Auf dem Kreuz, über seine drei Enden drapiert wie ein plumper Kranz, hing eine Kette grüner Perlen.

BLUMEN FÜR STELLA

Er erwachte, das Echo ihres Schreis noch in den Ohren. Er hatte lange schlafen wollen, aber seine Uhr zeigte erst halb acht. Nun drehte er seine Nachttischlampe an, denn es war noch halb dunkel, und blickte sich mit Eulenaugen im Zimmer um. Da waren seine Hosen, über den Stuhl geworfen, unten immer noch feucht vom Schnee. Da waren seine Schuhe; er würde sich ein neues Paar kaufen müssen. Und da neben ihm lagen die Notizen, die er sich in den frühen Morgenstunden gemacht hatte, ehe er schlafen gegangen war, Gedächtnisprotokolle von einigen der Selbstgespräche der Verrückten Janie, aufgezeichnet auf der Rückfahrt nach Carne, einer Fahrt, die er nie vergessen würde. Mundy hatte mit ihr auf dem Rücksitz gesessen.

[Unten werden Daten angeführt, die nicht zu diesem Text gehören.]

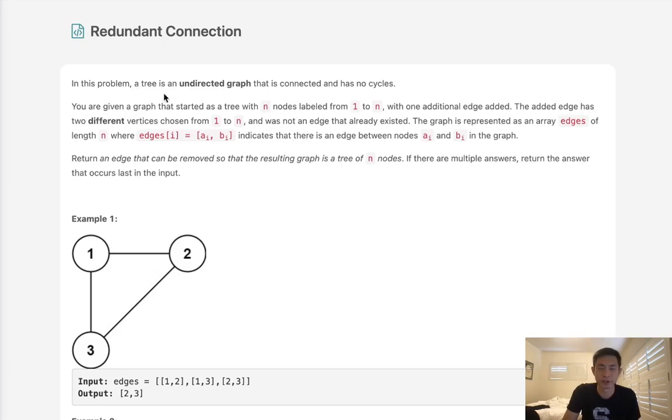Welcome to June's LeetCode Challenge. Today's problem is Redundant Connection. In this problem, a tree is an undirected graph that is connected and has no cycles.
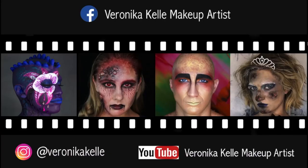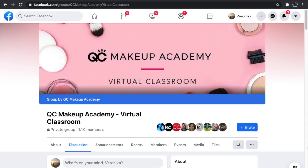If you have any questions, feel free to reach out in the comment section or DM me on Instagram or Facebook — I'm always happy to help. I'm also part of the QC community on Facebook called The Virtual Classroom, so pop in and don't hesitate to ask. Thank you for watching! If you enjoyed it, please give a thumbs up, comment, share, and don't forget to subscribe. See you next time!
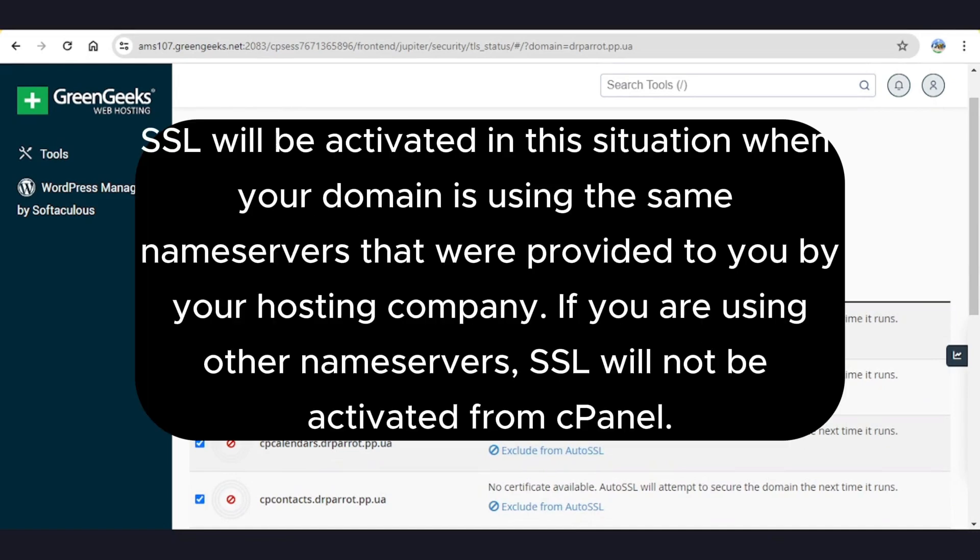SSL will be activated in this situation when your domain is using the same nameservers that were provided to you by your hosting company. If you are using other nameservers, SSL will not be activated from cPanel.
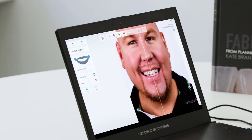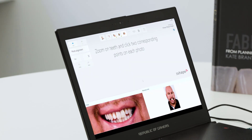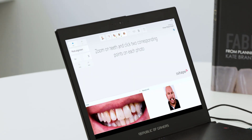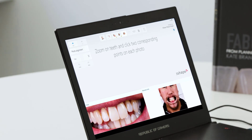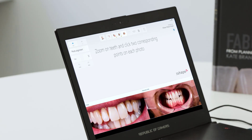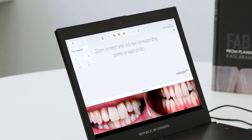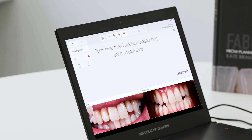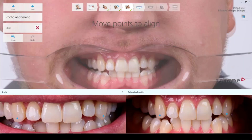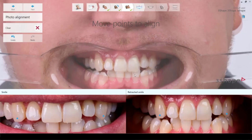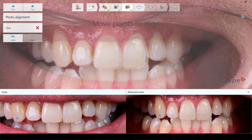When we're satisfied, we go to the next step. Now we're going to match the non-retracted photo with the retracted photo. This is basically to have the outlines for the smile design — to see where we may need to move some gum, etc.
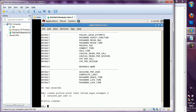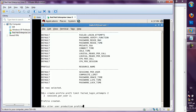Now I can assign this PROF1 profile to any user. My production user is there; I will put a restriction on him. To assign the profile: ALTER USER production PROFILE PROF1.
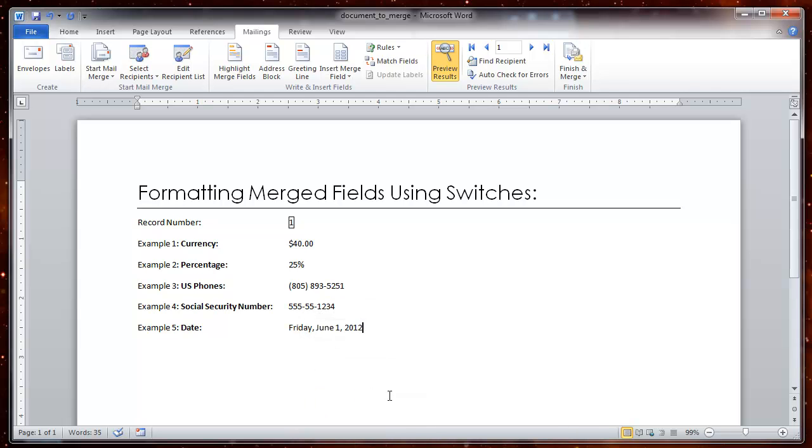So that's how you use switches to format merge fields in Word.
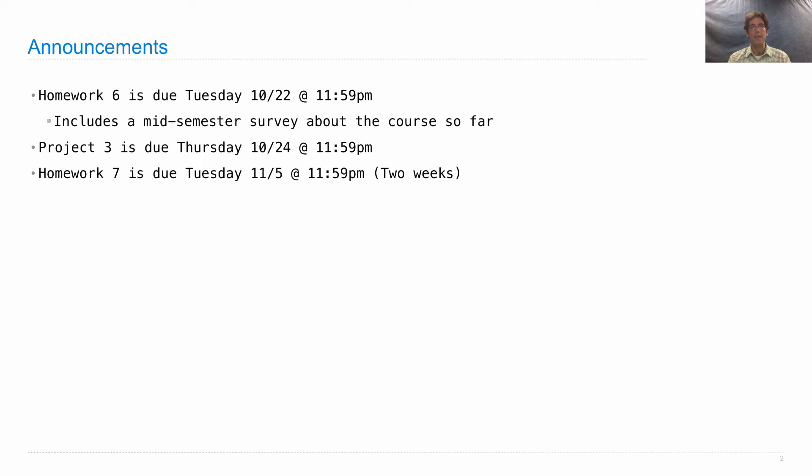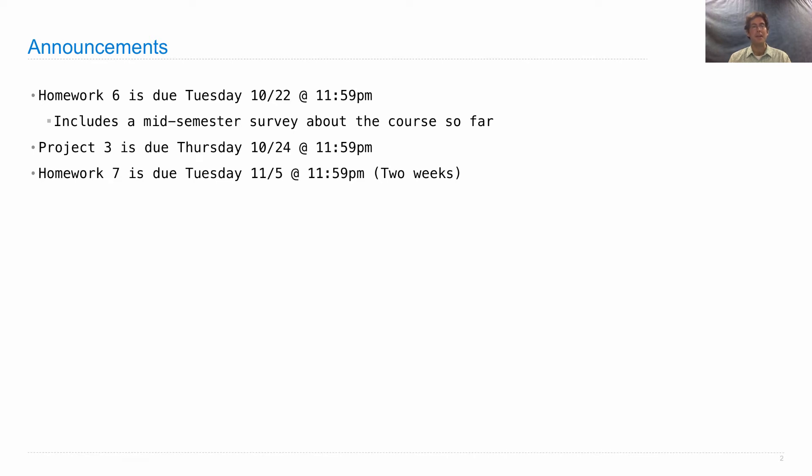Homework 7 is posted this week, but it's not due next week. It's due the week after that, although it does contain problems that cover material that's on the midterm this upcoming Monday. If you want to get started on it as an extra source of practice problems, that's a good idea.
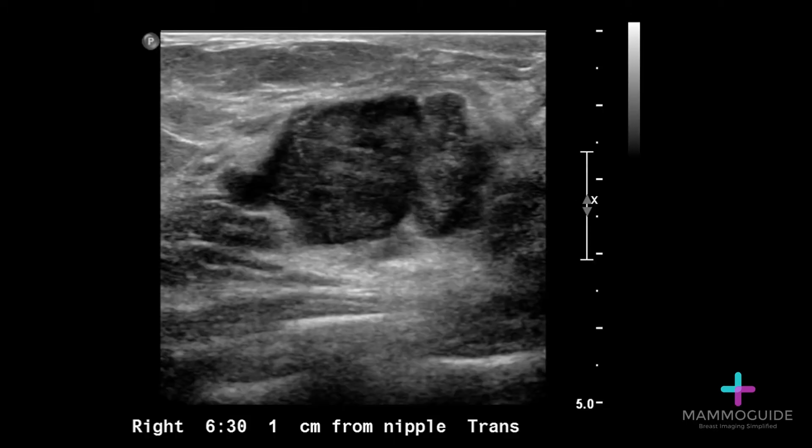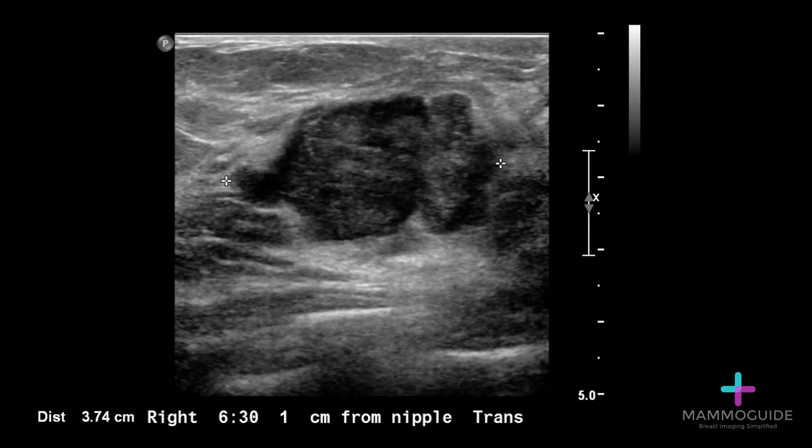First, it's important to image the mass in the transverse orientation. You want to make sure that the lesion is centered within your screen. Next, with that exact same picture, measure it in the longest dimension.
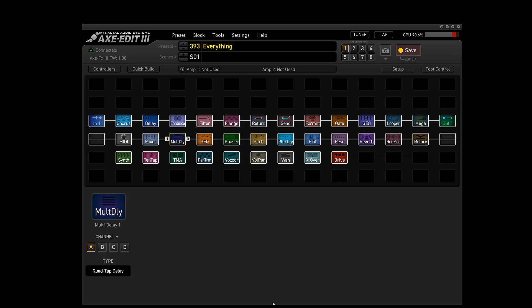Hello beautiful people, I am Lucas. Today we are going to be stress testing the Axe FX3's CPU.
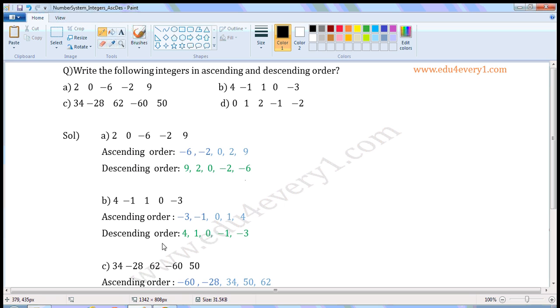Descending order — reverse of ascending order. First biggest integer, 4, then the next biggest, 1, then 0, then minus 1, and in the last, minus 3.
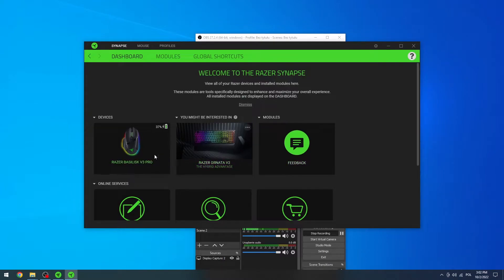Hello! In this video I'm going to show you how to adjust the RGB lightning for your Razer Basilisk V3 Pro.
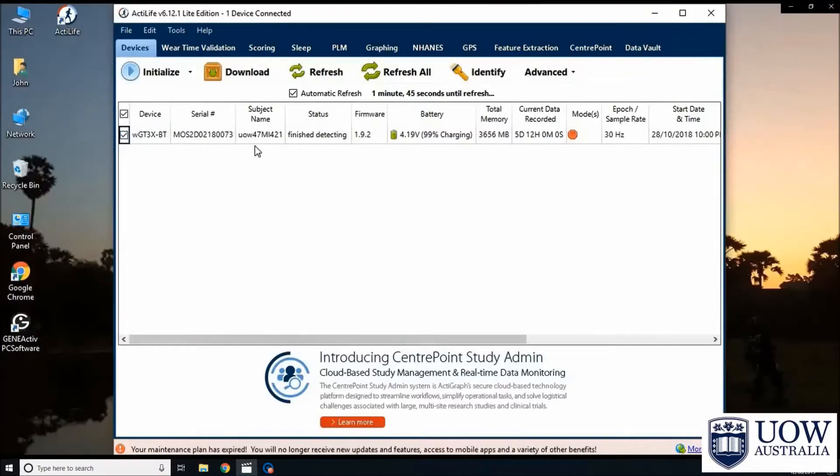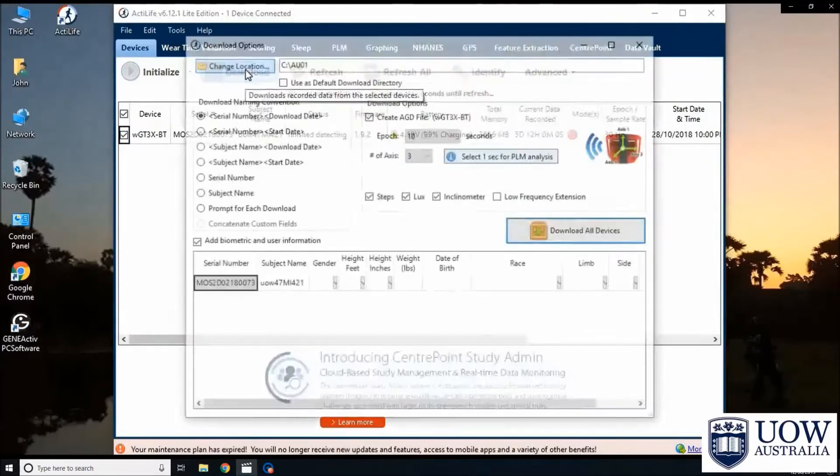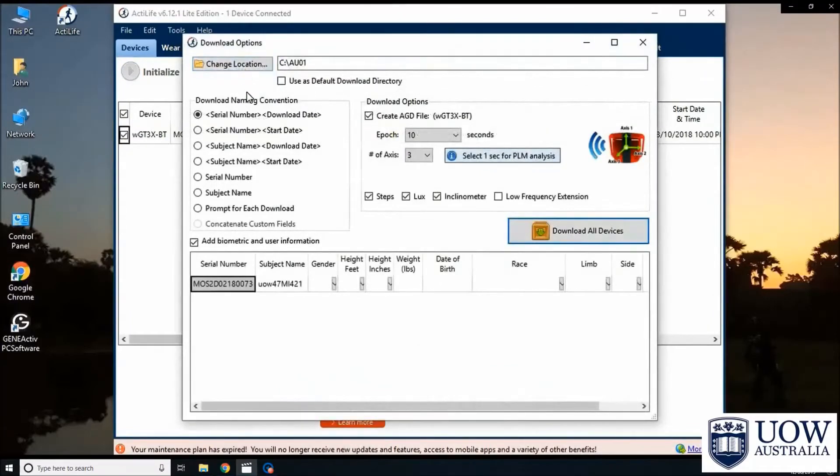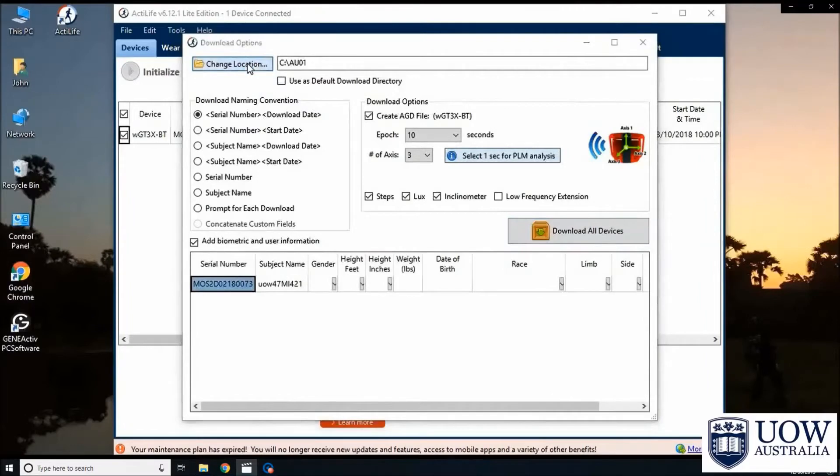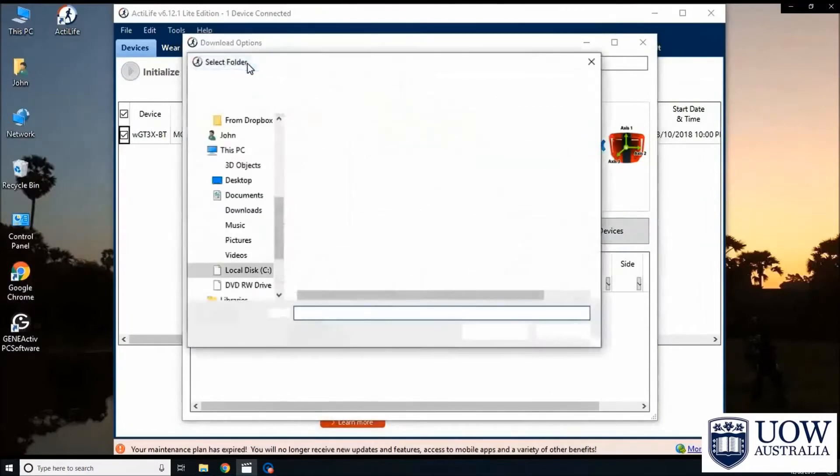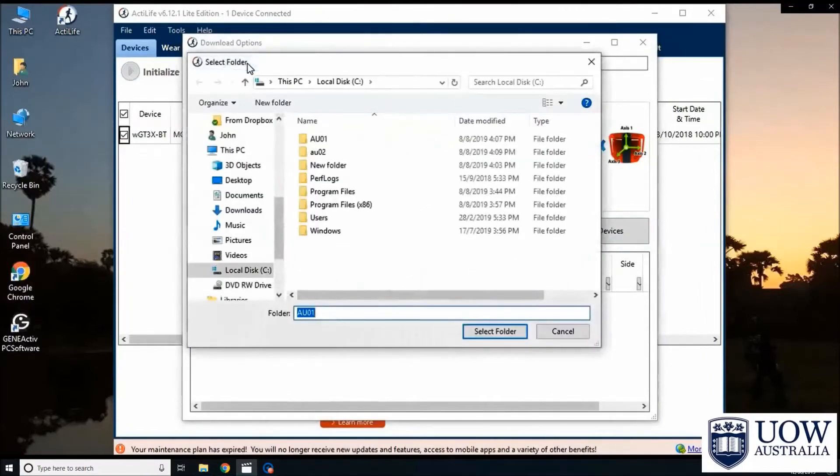Click on the download tab. This will open a new window. Click on the change location button to specify or create a new folder to save all the data files.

Sie führte Selbstgespräche wie ein Kind, stellte Fragen und beantwortete sie dann in dem geduldigen Ton eines Erwachsenen, für den sich die Antworten von selbst verstehen.

Eine fixe Idee schien ihren Geist zu erfüllen: sie hatte den Teufel gesehen. Sie hatte ihn auf dem Winde fliegen sehen, seine silbernen Flügel hinter sich ausgestreckt. Manchmal belustigte die Erinnerung sie, manchmal blähte sie sie mit dem Gefühl ihrer eigenen Bedeutung oder Schönheit auf, und manchmal erschreckte sie sie, so daß sie stöhnte und weinte und ihn bat, sie zu verlassen. Dann sprach Mundy freundlich mit ihr und versuchte, sie zu beruhigen. Smiley überlegte, ob sich Polizisten an den Schmutz solcher Dinge gewöhnten, an Kleider, die nicht mehr waren als stinkende, um erbärmliche Glieder gewickelte Lumpen, an winselnde Blöde, die sich festklammerten, schrien und weinten. Sie mußte endlose Nächte auf der Flucht gelebt, ihre Nahrung auf den Feldern und in den Mülleimern gefunden haben seit der Mordnacht... Was hatte sie in jener Nacht getan? Was hatte sie gesehen? Hatte sie Stella Rode getötet? Hatte sie den Mörder gesehen und sich eingebildet, er sei der auf dem Winde fliegende Teufel? Warum sollte sie das denken? Wenn Janie Stella nicht ermordet hatte, welcher Anblick hatte sie so erschreckt, daß sie drei lange Winternächte angstvoll herumgeschlichen war wie ein Tier im Wald? Hatte der Teufel in ihr Janie ergriffen und ihren Armen Kraft gegeben, als sie Stella niederschlug? War das der Teufel, der auf dem Winde ritt?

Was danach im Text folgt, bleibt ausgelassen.